Output all of the data verbatim.

DATA SHOWN:
══════════════════════════════
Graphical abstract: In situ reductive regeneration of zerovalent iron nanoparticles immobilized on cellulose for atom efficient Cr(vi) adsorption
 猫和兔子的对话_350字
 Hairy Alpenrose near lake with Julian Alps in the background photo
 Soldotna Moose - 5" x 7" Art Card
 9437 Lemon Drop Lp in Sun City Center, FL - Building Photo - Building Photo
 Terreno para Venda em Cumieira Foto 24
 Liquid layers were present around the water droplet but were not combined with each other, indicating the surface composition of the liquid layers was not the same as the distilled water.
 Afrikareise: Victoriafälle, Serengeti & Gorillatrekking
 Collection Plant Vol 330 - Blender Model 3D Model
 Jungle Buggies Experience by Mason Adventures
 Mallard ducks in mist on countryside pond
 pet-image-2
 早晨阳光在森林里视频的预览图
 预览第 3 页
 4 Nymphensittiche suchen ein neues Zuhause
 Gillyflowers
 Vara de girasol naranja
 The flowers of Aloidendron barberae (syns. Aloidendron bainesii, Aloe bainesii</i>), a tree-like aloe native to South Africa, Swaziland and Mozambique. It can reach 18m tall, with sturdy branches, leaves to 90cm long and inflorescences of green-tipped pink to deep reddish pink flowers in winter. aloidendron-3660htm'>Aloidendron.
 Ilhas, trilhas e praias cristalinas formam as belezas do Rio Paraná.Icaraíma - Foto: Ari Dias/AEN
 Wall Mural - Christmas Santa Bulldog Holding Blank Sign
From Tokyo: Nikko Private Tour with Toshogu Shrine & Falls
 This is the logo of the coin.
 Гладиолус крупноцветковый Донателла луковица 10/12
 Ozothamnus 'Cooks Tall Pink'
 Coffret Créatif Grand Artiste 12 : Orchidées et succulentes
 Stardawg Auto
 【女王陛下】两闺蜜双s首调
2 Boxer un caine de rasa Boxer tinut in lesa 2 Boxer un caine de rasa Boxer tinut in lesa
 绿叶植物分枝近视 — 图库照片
══════════════════════════════
ANSWER TO THIS EXERCISE:
Graphical abstract: In situ reductive regeneration of zerovalent iron nanoparticles immobilized on cellulose for atom efficient Cr(vi) adsorption
 猫和兔子的对话_350字
 Hairy Alpenrose near lake with Julian Alps in the background photo
 Soldotna Moose - 5" x 7" Art Card
 9437 Lemon Drop Lp in Sun City Center, FL - Building Photo - Building Photo
 Terreno para Venda em Cumieira Foto 24
 Liquid layers were present around the water droplet but were not combined with each other, indicating the surface composition of the liquid layers was not the same as the distilled water.
 Afrikareise: Victoriafälle, Serengeti & Gorillatrekking
 Collection Plant Vol 330 - Blender Model 3D Model
 Jungle Buggies Experience by Mason Adventures
 Mallard ducks in mist on countryside pond
 pet-image-2
 早晨阳光在森林里视频的预览图
 预览第 3 页
 4 Nymphensittiche suchen ein neues Zuhause
 Gillyflowers
 Vara de girasol naranja
 The flowers of Aloidendron barberae (syns. Aloidendron bainesii, Aloe bainesii</i>), a tree-like aloe native to South Africa, Swaziland and Mozambique. It can reach 18m tall, with sturdy branches, leaves to 90cm long and inflorescences of green-tipped pink to deep reddish pink flowers in winter. aloidendron-3660htm'>Aloidendron.
 Ilhas, trilhas e praias cristalinas formam as belezas do Rio Paraná.Icaraíma - Foto: Ari Dias/AEN
 Wall Mural - Christmas Santa Bulldog Holding Blank Sign
From Tokyo: Nikko Private Tour with Toshogu Shrine & Falls
 This is the logo of the coin.
 Гладиолус крупноцветковый Донателла луковица 10/12
 Ozothamnus 'Cooks Tall Pink'
 Coffret Créatif Grand Artiste 12 : Orchidées et succulentes
 Stardawg Auto
 【女王陛下】两闺蜜双s首调
2 Boxer un caine de rasa Boxer tinut in lesa 2 Boxer un caine de rasa Boxer tinut in lesa
 绿叶植物分枝近视 — 图库照片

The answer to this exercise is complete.